Чем больше всматриваешься в образ Самоума и вдумываешься в его «славные действия», тем яснее становится, что в данном персонаже М. М. Щербатов изобразил Екатерину и ее внешнюю и внутреннюю политику, а в Размысле, очевидно, — Павла Петровича, наследника престола. В самом деле, Любомудрова, с которой, по словам Самоума, отец его был во вражде «за искреннего своего друга Оптима, и обои они великое дело против Любомудровой производили», — это Фридрих II Прусский (первоначально она была в рукописи названа «Захватеей», по-видимому, как намек на воинственные занятия германского монарха), «отец» Самоума — Елизавета Петровна, а Оптим — это Мария- Терезия, императрица австрийская. «Великое дело», которое «отец» и Оптим «производили» против Любомудровой, — Семилетняя война. Дальше упоминается сын Оптима, с которым, равно как и с Любомудровой, была поделена часть волости Самоволки; сын Оптима — Иосиф II, император австрийский. Болванов — это Турция, волость Самоволка — Польша, друг Самоума, Пустомыслов, — Станислав Понятовский, пустошки Быковка и Конникова — Крым и Новороссия, «проклятой враг Чудовин, мой крестьянин» — несомненно Пугачев.
В особенности интересно в изложении Щербатова то место, где рассказывается о судьбе Петра III.
«Брат мой, а твой дядя же, — говорит Самоум Размыслу, — дурак, которой по праву старшинства имел малое время правление деревень родительских и которого я, яко безумного, отрешил от наследства, посадил его в заключение, где он вскоре, Бог знает как, умер, для того, что ему долго жить нельзя было, помирился было <с Любомудровой>, но мир их был не кончен, а я окончил и Оптима оставил одного, отчего и он был принужден помириться».
Приведенные отрывки из «Умного разговора» показывают, как Щербатов последовательно и резко критически освещал в этом произведении деятельность Екатерины.

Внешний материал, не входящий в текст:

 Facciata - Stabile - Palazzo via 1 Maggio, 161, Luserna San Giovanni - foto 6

Еще решительнее в этом отношении реплики Размысла, в которых политика Екатерины характеризуется как неосновательная и продиктованная одним только тщеславием; вот два примера таких оценок.
«Что вы умны, в этом сомнения нет, но что касается до славы, то я худо ли иль хорошо учился, но мне сказывали, что слава зависит, чтобы помещику стараться сыскивать выгоды и благоденствия своим крестьянам… А во всем сем деле, простите мне, а кажется, что крестьяне ваши от сей тяжбы неблагополучны стали, а претерпели, что более вы убытка от нее, нежели прибыли получили; что приобрели тщетное название и что плавание по пруду без лодок вам пользы не принесет».

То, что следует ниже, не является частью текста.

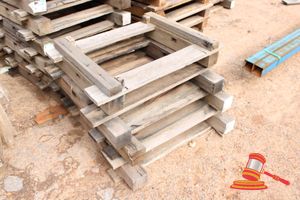 29 · 40 x HARDWOOD PALLETS (100 X 100MM X 950 X 950MM)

По поводу присоединения Крыма и Новороссии Размысл замечает: «Конечно, сия уступка Болванова показывает к вам его снисхождение, но правоты вашей не показывает, ибо что на миру сказано, то, казалось, должно быть свято».
«Умный разговор» не был кончен Щербатовым, рукопись обрывается на словах Самоума, в которых тот обещает рассказать о состоянии пустоши Быковки, то есть Крыма. По-видимому, диалог Щербатова и был написан вскоре после присоединения Крыма, то есть в 1783 или в начале 1784 года.
Такое произведение не могло, конечно, быть напечатано и предназначалось, очевидно, для распространения в рукописной форме и только среди единомышленников. Тем не менее «Умный разговор» представляет значительный интерес — и как свидетельство крайне отрицательного отношения определенной части русского общества к внешней политике Екатерины, к ее личности, к ее самовлюбленности и саморекламированию, и как документ, говорящий о том, что сатира в драматической форме была в 1780-е годы признана удобным средством для выражения политических воззрений, впрочем, понятных только тем, кто умеет читать «третьим манером».
Источники текста:
М. М. Щербатов. «Неизданные сочинения», Соцэкгиз, ГИМ, [М.], 1935 г. С. 159—164.
Журнал "Русская литература, № 3, 1966 г. C. 76 — 81.